Toda a nossa tentativa de seguir tendências nos aproxima da estética, da cumplicidade e da coerência com a moral e com os valores da sociedade. Promove maior adequação e aceitação, mas, após algum tempo, limita-nos pela descontinuidade que temos em continuar algo que não foi iniciado por nós. Mas, a verdadeira construção da identidade, como é trabalhada em contexto de análise (tratamento em Psicanálise), se dá pela desconstrução das nossas tentativas vãs de continuidade dos modelos que tivemos ao longo de nossas vidas e tidos como certos.

Arruda conta que em sua carreira de artista tentou dar continuidade aos modernistas no que tange à sua estética. Mas, devido a questões internas relativas à homossexualidade e sua forma singular de compreender o mundo – particularmente em termos de dinheiro, poder e sexualidade –, tais contornos se tornaram “justos” demais (incômodos em termos de imagem/corpo) e ainda “injustos” (em termos da sua verdade e sentido da vida) à sua imagem. Seus quadros poderiam facilmente ser “enquadrados” naquele contexto, mas permaneciam guardados, sem encontrar olhares. No entanto, ao incluir tais elementos “humanísticos” em sua obra, ele rompe com a estética e vive na antiestética a sua verdade, vendo-a ressurgir viva, bruta e, porque não, narrativa.

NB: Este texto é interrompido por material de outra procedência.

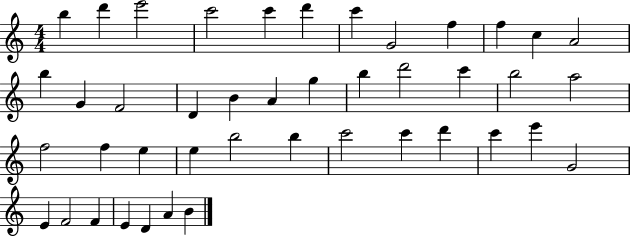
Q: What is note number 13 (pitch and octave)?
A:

Sua antipintura, influenciada pelo Dadaísmo, levou-o a reforçar o que ele nomeia de “o malfeito”, ou seja, incorpora questões não relativas ao belo do ser humano: “se antes eu fazia um trabalho malfeito para mim, e tinha uma pintura estética para me comunicar com as pessoas do mundo da arte, a partir dali, eu me comunicaria, também, pelo malfeito”, explica. Aparentemente sua nova versão, considerada simplista aos olhos de alguns, não deixava transparecer seu conhecimento profundo em História da Arte; mas ela urgia  comunicar e ser vista. E, de fato, com o tempo, expandiu-se e, segundo conta, passou a chamar a atenção de jovens artistas, psicanalistas e pessoas de fora do universo artístico.

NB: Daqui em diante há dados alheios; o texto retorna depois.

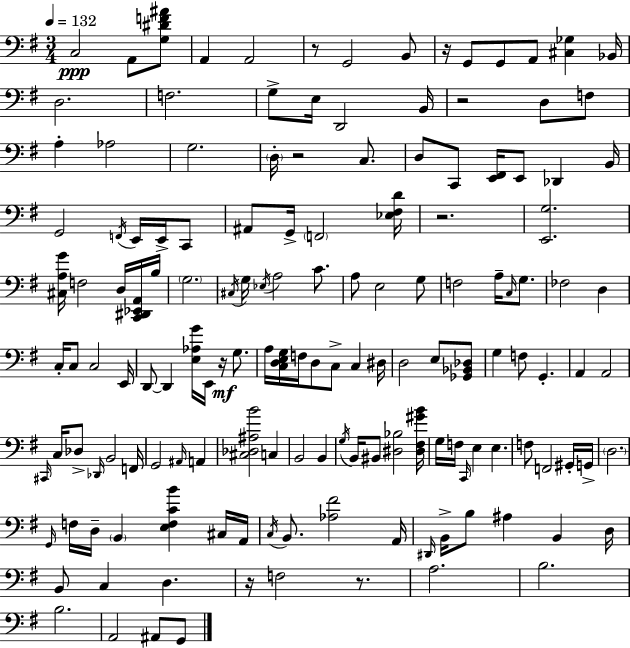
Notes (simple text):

C3/h A2/e [G3,D#4,F4,A#4]/e A2/q A2/h R/e G2/h B2/e R/s G2/e G2/e A2/e [C#3,Gb3]/q Bb2/s D3/h. F3/h. G3/e E3/s D2/h B2/s R/h D3/e F3/e A3/q Ab3/h G3/h. D3/s R/h C3/e. D3/e C2/e [E2,F#2]/s E2/e Db2/q B2/s G2/h F2/s E2/s E2/s C2/e A#2/e G2/s F2/h [Eb3,F#3,D4]/s R/h. [E2,G3]/h. [C#3,A3,G4]/s F3/h D3/s [C2,D#2,Eb2,A2]/s B3/s G3/h. C#3/s G3/s Eb3/s A3/h C4/e. A3/e E3/h G3/e F3/h A3/s C3/s G3/e. FES3/h D3/q C3/s C3/e C3/h E2/s D2/e D2/q [E3,Ab3,G4]/s E2/s R/s G3/e. A3/s [C3,D3,E3,G3]/s F3/s D3/e C3/e C3/q D#3/s D3/h E3/e [Gb2,Bb2,Db3]/e G3/q F3/e G2/q. A2/q A2/h C#2/s C3/s Db3/e Db2/s B2/h F2/s G2/h A#2/s A2/q [C#3,Db3,A#3,B4]/h C3/q B2/h B2/q G3/s B2/s BIS2/e [D#3,Bb3]/h [D#3,F#3,G#4,B4]/s G3/s F3/s C2/s E3/q E3/q. F3/e F2/h G#2/s G2/s D3/h. G2/s F3/s D3/s B2/q [E3,F3,C4,B4]/q C#3/s A2/s C3/s B2/e. [Ab3,F#4]/h A2/s D#2/s B2/s B3/e A#3/q B2/q D3/s B2/e C3/q D3/q. R/s F3/h R/e. A3/h. B3/h. B3/h. A2/h A#2/e G2/e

E encerro com a seguinte reflexão: Moldar-se. Desconstruir-se. Reconstruir-se para, numa nova linguagem, comunicar e ser visto. Só assim verdadeiramente existimos. Se negarmos tal processo, passaremos a vida repetindo o que os outros disseram de nós, o que era esperado de nossos comportamentos e atitudes e o que algumas situações mais marcantes nos caracterizaram. Sejamos artistas e autores de nossas próprias histórias.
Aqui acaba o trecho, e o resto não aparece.